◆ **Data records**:
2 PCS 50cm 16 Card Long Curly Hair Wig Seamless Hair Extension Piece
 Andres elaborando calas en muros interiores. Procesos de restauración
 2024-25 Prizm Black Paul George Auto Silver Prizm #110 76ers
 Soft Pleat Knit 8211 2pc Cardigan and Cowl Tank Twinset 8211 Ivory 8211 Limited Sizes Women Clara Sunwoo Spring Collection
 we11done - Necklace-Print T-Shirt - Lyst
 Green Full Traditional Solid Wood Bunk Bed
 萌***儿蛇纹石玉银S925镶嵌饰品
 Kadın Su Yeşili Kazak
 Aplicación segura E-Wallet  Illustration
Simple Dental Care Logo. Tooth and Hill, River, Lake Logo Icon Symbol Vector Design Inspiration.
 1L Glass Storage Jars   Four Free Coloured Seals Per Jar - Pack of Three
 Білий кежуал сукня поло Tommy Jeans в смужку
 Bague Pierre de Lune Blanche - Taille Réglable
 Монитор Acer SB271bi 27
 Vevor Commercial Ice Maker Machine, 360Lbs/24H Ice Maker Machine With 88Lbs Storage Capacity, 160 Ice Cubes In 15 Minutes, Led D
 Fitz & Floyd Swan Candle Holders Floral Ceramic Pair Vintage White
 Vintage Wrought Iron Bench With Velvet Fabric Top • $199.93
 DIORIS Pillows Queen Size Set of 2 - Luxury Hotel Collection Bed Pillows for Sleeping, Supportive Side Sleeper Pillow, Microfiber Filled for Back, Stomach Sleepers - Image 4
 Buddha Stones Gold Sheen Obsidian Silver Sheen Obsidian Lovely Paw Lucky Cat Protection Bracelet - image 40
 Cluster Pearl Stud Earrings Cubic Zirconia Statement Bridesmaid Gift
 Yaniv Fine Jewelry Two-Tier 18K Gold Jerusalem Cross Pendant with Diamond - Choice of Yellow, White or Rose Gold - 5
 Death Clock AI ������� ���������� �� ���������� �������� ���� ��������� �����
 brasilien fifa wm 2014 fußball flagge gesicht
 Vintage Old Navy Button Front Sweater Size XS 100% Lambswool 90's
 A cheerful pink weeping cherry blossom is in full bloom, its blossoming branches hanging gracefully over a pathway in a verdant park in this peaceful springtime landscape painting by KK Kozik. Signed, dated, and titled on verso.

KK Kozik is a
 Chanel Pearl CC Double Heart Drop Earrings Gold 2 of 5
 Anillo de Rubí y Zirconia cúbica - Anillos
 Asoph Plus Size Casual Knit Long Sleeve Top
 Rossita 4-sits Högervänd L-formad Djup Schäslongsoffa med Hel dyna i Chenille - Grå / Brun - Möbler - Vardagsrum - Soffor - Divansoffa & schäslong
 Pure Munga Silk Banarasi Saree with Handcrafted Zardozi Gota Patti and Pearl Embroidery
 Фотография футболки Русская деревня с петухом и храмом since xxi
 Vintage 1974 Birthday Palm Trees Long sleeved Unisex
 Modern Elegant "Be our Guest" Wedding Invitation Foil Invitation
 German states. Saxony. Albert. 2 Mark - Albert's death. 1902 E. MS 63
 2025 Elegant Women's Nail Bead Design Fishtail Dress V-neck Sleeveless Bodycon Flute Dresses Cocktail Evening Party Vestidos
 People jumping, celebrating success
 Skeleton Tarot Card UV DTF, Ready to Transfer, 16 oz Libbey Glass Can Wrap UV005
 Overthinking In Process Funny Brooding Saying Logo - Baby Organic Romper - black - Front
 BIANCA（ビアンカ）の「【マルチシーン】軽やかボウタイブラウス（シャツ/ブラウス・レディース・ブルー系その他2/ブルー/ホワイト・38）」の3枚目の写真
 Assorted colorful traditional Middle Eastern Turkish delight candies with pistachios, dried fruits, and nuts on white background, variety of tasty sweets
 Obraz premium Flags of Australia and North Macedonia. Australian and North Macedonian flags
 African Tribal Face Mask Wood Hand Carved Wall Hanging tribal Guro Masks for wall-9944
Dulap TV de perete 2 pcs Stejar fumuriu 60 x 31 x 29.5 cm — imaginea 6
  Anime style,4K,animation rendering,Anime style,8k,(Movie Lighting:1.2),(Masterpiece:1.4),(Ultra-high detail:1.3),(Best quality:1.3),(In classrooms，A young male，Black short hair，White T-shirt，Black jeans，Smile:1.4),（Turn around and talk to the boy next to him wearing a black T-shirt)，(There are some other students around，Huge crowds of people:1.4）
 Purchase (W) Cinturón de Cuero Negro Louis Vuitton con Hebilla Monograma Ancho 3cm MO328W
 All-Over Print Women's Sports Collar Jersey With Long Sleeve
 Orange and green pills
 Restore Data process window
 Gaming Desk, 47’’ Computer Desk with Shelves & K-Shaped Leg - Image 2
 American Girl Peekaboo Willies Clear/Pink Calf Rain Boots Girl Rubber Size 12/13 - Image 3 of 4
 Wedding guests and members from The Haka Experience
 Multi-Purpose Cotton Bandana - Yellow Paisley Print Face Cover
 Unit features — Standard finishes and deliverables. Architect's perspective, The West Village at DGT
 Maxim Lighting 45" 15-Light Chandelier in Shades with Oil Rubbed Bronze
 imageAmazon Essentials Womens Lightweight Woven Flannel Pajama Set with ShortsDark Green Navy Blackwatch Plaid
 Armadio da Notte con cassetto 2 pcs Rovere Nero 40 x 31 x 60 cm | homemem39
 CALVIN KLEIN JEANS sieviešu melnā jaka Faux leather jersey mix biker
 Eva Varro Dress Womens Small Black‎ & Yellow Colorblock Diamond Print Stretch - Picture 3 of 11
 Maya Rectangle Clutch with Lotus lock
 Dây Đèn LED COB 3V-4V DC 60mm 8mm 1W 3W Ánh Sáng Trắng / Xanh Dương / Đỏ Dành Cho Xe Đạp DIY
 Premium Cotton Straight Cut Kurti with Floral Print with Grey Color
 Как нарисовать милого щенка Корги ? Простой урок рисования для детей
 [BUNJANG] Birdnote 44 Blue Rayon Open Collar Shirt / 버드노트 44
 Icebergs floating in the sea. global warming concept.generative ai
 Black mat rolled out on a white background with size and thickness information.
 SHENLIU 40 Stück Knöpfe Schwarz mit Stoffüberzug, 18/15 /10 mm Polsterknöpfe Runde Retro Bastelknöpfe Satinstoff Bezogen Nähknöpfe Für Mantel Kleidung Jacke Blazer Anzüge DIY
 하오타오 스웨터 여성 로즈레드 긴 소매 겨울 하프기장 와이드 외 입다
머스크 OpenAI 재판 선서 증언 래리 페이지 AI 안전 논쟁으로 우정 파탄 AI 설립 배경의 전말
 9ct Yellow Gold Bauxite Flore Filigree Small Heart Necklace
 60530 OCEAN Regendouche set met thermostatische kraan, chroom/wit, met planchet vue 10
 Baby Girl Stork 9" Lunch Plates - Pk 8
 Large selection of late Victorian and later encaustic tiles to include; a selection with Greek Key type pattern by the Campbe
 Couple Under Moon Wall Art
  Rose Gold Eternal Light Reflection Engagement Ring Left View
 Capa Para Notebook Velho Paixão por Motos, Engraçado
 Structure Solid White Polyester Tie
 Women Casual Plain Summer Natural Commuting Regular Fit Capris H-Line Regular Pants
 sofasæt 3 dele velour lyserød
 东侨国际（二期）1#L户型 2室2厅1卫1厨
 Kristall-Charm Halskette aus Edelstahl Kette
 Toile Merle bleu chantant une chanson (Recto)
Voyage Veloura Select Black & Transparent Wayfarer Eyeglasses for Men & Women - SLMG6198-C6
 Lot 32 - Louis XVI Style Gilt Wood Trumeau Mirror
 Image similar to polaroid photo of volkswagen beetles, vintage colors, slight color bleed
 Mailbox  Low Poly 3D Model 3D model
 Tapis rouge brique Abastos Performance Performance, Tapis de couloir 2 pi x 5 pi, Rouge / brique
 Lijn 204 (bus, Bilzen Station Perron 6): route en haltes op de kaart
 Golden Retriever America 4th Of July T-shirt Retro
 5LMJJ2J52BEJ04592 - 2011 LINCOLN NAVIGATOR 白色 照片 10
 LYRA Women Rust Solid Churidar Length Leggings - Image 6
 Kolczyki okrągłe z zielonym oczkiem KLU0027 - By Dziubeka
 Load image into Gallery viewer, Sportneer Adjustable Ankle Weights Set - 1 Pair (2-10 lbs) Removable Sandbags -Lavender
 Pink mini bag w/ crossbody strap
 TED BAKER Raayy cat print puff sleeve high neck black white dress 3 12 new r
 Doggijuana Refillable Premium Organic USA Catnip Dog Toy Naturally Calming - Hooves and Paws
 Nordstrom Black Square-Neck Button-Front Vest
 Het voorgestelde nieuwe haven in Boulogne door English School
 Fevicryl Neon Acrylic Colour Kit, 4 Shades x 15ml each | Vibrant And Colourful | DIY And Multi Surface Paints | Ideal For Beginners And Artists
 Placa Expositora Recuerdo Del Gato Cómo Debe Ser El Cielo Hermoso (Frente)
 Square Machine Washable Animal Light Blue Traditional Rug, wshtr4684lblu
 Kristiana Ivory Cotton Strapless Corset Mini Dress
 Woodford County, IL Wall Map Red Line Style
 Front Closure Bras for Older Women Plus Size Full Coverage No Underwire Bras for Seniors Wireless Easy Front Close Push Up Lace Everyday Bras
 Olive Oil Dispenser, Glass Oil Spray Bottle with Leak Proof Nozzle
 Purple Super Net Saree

◆ **TASK DIRECTIONS**:
List every line from the entries above in which "Storage" appears.

◆ **WORKED SOLUTION**:
 1L Glass Storage Jars   Four Free Coloured Seals Per Jar - Pack of Three
 Vevor Commercial Ice Maker Machine, 360Lbs/24H Ice Maker Machine With 88Lbs Storage Capacity, 160 Ice Cubes In 15 Minutes, Led D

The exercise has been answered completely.